The Employment Appeal Tribunal has ordered a party to disclose the original version of a report following an internal investigation, where the report had subsequently been amended in accordance with legal advice and the final version disclosed: University of Dundee v Chakraborty [2022] EAT 150.

The Tribunal rejected the submission that a non-privileged document could later acquire privileged status simply because it had become the subject of legal advice and a comparison with the final version would allow the content of the advice to be inferred. The decision shows that there are limits to the well-established principle that a document will be privileged to the extent that it betrays the content or the trend of legal advice.

Although this was a Scottish case, the Tribunal noted that there is no difference between English and Scottish law for these purposes.

Background

The claimant was a post-doctoral research assistant at the defendant university. He raised a grievance under the university's Dignity at Work and Study policy, and the university appointed an independent member of academic staff (Professor Nic Daeid) to investigate the grievance.

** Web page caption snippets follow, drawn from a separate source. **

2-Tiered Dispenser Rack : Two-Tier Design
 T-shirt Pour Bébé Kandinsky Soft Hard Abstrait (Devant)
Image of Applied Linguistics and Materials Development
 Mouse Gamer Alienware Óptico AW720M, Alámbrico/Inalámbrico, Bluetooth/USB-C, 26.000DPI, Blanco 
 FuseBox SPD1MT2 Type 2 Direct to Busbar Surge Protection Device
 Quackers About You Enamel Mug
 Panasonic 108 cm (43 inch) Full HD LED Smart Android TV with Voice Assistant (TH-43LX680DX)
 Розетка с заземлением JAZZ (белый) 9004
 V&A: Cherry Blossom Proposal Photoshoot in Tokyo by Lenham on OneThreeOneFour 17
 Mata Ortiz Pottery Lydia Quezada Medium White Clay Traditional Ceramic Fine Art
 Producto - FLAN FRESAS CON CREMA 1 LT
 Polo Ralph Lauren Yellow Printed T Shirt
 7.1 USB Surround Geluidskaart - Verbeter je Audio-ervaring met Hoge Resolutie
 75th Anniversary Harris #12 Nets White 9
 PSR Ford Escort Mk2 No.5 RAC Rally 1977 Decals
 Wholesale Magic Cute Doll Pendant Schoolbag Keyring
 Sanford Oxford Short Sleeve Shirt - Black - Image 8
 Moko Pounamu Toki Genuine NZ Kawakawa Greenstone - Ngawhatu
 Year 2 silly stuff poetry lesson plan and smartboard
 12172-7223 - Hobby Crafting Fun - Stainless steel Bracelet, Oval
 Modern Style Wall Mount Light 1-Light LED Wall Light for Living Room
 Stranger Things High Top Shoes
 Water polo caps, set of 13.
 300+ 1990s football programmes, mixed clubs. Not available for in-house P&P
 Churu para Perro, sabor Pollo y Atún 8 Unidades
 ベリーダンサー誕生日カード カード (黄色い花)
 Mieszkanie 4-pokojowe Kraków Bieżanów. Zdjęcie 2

The claimant brought employment tribunal proceedings against the university on 21 December 2021. Prof Nic Daeid produced her report on 28 February 2022. Subsequently, the university's external solicitors proposed a number of amendments to the report, and Prof Nic Daeid also made some further amendments of her own. The revised version of the report was sent to the claimant and was included in the joint bundle for the employment tribunal proceedings.

The claimant applied for an order requiring the university to produce the original version of the report. The university resisted the application on grounds of legal advice privilege. It accepted that the original report was not privileged at the time it was prepared, but argued that it became privileged retrospectively because, if it were to be disclosed and compared to the final version, it would be possible to infer what legal advice the solicitors had given in suggesting amendments to the report.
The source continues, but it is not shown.